(Your task) Give back exactly the lines that run from the beginning of the entries to the line containing "TPST02 This Grandmasaurus", both included, and nothing else.
Start of Information given
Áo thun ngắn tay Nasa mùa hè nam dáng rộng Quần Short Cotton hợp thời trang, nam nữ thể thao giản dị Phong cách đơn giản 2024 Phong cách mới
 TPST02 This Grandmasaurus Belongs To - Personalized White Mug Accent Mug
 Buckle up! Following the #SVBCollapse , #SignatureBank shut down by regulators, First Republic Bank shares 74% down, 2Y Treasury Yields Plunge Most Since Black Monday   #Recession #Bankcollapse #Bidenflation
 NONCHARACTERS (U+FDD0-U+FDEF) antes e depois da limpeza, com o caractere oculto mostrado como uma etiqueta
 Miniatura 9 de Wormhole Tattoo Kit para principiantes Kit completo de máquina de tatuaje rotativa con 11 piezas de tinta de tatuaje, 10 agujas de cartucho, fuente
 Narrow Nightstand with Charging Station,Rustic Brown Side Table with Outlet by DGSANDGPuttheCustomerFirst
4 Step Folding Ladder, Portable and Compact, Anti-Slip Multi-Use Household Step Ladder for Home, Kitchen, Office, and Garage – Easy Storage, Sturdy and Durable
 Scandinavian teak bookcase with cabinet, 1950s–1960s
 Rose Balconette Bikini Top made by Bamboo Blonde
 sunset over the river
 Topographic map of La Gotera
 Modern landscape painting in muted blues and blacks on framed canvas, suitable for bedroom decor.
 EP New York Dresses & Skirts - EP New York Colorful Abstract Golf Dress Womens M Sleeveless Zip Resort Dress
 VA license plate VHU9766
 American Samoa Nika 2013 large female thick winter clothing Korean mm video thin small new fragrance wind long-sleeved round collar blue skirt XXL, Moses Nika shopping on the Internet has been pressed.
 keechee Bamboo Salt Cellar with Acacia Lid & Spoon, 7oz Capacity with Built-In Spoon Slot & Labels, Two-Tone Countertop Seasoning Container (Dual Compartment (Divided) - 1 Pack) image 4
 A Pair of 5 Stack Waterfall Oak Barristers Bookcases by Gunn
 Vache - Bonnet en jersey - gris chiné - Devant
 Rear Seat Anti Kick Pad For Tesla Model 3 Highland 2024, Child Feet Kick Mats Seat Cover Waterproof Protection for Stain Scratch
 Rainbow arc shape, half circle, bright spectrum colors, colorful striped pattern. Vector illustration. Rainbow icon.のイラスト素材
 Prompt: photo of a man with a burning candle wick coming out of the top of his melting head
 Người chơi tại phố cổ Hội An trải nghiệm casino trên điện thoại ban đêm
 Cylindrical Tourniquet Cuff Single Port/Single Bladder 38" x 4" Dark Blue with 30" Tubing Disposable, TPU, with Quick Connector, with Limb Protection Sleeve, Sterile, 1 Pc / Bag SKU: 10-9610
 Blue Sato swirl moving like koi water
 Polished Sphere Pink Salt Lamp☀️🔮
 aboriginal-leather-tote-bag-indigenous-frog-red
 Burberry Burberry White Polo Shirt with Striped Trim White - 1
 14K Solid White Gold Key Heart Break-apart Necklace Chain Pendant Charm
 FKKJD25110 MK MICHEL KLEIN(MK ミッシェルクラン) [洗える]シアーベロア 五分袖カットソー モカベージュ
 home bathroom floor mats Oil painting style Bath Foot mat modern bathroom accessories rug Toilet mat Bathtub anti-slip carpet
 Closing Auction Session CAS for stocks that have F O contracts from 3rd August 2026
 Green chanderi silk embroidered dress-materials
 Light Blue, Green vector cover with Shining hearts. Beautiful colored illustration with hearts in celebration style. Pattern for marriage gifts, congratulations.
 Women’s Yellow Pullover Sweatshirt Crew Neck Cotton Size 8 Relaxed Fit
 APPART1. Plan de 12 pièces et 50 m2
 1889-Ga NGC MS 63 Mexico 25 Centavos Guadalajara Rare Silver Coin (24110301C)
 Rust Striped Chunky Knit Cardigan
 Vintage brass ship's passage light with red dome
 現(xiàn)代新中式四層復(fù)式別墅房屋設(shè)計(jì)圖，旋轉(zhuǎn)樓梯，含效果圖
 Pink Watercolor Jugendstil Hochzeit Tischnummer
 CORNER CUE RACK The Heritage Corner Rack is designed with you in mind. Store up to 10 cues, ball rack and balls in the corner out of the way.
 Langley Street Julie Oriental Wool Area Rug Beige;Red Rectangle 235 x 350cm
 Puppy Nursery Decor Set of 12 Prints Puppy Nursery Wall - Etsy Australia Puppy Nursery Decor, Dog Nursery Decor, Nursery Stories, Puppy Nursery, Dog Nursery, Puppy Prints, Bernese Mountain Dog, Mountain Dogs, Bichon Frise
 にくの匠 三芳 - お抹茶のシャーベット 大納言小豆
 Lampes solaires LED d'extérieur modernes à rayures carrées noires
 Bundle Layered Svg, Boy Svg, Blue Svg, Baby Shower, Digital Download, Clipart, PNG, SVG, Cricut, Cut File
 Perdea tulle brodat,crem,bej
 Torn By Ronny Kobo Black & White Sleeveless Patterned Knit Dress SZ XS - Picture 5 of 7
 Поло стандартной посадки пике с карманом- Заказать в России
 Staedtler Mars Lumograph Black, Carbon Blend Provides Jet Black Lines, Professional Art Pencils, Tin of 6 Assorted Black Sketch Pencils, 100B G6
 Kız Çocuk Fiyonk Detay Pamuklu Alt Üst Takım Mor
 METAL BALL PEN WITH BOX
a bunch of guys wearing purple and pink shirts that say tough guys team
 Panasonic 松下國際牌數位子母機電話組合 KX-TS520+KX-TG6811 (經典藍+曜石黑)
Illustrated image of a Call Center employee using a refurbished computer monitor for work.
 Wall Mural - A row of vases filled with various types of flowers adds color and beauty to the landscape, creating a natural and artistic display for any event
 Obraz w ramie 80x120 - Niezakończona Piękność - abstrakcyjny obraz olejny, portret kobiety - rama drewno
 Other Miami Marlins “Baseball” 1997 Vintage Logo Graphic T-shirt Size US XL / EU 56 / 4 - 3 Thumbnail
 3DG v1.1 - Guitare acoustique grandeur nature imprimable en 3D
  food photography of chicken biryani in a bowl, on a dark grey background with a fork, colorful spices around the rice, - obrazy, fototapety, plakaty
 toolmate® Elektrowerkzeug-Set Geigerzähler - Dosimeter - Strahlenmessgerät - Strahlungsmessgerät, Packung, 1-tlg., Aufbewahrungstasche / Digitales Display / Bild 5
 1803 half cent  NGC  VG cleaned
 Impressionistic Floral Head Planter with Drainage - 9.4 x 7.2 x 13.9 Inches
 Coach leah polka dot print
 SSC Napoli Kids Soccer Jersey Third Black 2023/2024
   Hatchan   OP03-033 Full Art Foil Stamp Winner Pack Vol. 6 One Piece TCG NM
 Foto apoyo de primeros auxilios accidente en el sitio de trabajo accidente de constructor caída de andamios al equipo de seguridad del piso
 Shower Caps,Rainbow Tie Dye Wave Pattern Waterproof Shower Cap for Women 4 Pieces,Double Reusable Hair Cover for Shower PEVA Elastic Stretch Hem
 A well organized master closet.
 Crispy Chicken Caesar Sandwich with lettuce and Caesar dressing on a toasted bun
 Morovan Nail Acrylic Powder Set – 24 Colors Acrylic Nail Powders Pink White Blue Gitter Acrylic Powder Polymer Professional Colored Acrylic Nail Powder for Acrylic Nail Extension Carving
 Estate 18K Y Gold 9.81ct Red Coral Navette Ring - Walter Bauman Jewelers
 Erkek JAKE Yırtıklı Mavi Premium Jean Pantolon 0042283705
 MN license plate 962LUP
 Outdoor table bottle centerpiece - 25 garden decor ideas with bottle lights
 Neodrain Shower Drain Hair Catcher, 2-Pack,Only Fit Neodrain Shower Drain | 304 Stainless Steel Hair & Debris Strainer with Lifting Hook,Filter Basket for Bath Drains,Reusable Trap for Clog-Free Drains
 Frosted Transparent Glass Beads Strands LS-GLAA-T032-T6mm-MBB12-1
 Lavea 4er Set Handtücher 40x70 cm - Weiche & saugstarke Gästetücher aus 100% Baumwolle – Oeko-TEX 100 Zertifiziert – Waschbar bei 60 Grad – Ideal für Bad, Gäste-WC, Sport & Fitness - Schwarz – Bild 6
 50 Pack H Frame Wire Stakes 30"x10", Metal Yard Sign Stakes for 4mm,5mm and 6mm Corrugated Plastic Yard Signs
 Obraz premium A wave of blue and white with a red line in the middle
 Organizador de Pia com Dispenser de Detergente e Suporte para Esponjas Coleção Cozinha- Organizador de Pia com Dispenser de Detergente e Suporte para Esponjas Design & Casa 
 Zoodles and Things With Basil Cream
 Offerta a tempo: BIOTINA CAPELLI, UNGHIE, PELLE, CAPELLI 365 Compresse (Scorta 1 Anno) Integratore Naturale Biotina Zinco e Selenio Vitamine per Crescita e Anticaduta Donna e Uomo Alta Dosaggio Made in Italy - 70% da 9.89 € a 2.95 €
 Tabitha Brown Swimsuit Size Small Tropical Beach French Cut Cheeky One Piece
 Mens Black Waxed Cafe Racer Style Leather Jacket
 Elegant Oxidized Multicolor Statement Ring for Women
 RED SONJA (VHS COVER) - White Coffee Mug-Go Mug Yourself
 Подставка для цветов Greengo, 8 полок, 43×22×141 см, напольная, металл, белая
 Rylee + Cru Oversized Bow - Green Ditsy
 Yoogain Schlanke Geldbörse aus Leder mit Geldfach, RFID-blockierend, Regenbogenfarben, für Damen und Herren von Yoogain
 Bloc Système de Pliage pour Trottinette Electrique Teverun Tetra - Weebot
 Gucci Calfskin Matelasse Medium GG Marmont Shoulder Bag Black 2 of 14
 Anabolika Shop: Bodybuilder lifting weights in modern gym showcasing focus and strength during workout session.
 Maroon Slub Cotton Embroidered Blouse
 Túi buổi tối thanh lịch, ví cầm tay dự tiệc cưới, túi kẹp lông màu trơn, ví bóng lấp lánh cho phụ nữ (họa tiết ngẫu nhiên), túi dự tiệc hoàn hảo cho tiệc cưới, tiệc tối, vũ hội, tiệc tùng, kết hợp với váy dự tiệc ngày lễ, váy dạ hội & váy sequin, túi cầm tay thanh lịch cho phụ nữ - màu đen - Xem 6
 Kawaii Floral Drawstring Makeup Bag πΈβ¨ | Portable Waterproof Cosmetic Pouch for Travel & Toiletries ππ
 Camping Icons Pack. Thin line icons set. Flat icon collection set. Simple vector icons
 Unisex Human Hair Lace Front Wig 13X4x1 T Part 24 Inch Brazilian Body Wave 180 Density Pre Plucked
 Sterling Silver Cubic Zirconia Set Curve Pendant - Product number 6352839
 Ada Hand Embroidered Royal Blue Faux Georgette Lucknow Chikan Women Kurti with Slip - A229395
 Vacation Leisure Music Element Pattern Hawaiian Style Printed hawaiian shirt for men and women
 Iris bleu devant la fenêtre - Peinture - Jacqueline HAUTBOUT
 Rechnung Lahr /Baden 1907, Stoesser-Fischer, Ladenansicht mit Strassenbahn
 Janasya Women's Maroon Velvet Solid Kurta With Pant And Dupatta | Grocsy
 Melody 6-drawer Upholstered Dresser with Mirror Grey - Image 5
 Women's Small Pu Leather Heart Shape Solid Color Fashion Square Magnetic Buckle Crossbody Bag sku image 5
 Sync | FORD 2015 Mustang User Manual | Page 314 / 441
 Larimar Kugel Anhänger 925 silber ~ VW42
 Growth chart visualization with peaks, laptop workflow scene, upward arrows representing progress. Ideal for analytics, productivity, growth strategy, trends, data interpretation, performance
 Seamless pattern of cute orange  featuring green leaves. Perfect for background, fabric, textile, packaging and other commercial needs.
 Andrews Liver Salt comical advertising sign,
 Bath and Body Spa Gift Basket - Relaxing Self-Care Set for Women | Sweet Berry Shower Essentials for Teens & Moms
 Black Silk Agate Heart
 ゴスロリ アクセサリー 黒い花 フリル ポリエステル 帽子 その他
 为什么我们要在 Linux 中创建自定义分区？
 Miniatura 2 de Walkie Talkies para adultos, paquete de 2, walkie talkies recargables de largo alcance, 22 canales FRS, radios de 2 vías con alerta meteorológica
End of Information given
(Answer to the exercise)
Áo thun ngắn tay Nasa mùa hè nam dáng rộng Quần Short Cotton hợp thời trang, nam nữ thể thao giản dị Phong cách đơn giản 2024 Phong cách mới
 TPST02 This Grandmasaurus Belongs To - Personalized White Mug Accent Mug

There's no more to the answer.